Veja sessão acústica de "Heavy is as Heavy Does":


Harris e Seim fizeram o que considero o melhor disco do Menomena porque usaram sua criatividade e poder de fogo para ficar mais perto da maioria. Porque antes haviam os dois e Brent Knopf, uma das forças motrizes da banda, que saiu em 2010 para se dedicar ao bom grupo Ramona Falls. E com os três havia um projeto mais maduro que se iniciou com o cultuado, e muito legal,  Friends and Foe(2007), o primeiro que ouvi da galera, carregado dessa vontade de fazer música com uma dose de invenção que afastava sua obra dos ouvidos mais preguiçosos. Esse rock com gosto pelo experimental, por levadas menos óbvias se fez presente também em Mines(2010), álbum que manteve acesso a chama dos fãs pelo grupo. A saída de Knopf  ajudou na diminuição da febre, do ardor que movia a criação dos caras? Acredito que não. Porque parte da criatividade vista nos CDs anteriores se mantém intacta, apenas com a ansiedade um pouco mais domada, dominada. A dupla que continua a tocar o Menomena articulou no mais recente trabalho uma sonoridade mais solar e simples, ainda que algumas músicas vistam-se daquela estranheza e melancolia que a trupe sempre soube produziu.

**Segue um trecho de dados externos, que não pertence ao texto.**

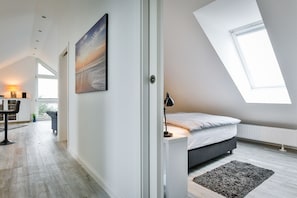 1 chambre, fer et planche à repasser, Wi-Fi, draps fournis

Grupo mantem padrão com belos arranjos e orquestrações
Mas, fique atento, nada em Menomena é o que parece. O que, na primeira audição, reveste-se de simplicidade, na segunda, com os ouvidos mais atentos, mostra-se cheio de nuances, com as garras expostas. Existe um universo complexo por trás das canções, ainda que ele assuste menos, do grupo. Os arranjos muito bem trabalhados, as mudanças de andamento das composições, a surpresa que nos é reservada aqui e ali com a introdução de instrumentos pouco comuns ao gênero rock, tudo faz com que Moms torne-se um deleite para quem é ávido por música com conteúdo, feita de uma substância mais reativa e consistente. Como descobrir o ácido da fruta depois da sensação do doce. É assim, por exemplo, com a impressionante "Heavy is as Heavy Does", que começa levinha com seu piano manso, entorpecendo o ouvinte até a mudança lá na frente com o crescendo do coro que deságua em guitarras distorcidas, no talo. De uma beleza concreta. Da mesma linhagem "One Horse",  que fecha épica o disco com seus dez minutos de absoluta extravagância.  Aqui fica mais clara ainda a alternância melódica, com momentos atmosféricos dividindo o tempo com arranjo de cordas e a batera e guitarras fazendo a mais sublime diferença.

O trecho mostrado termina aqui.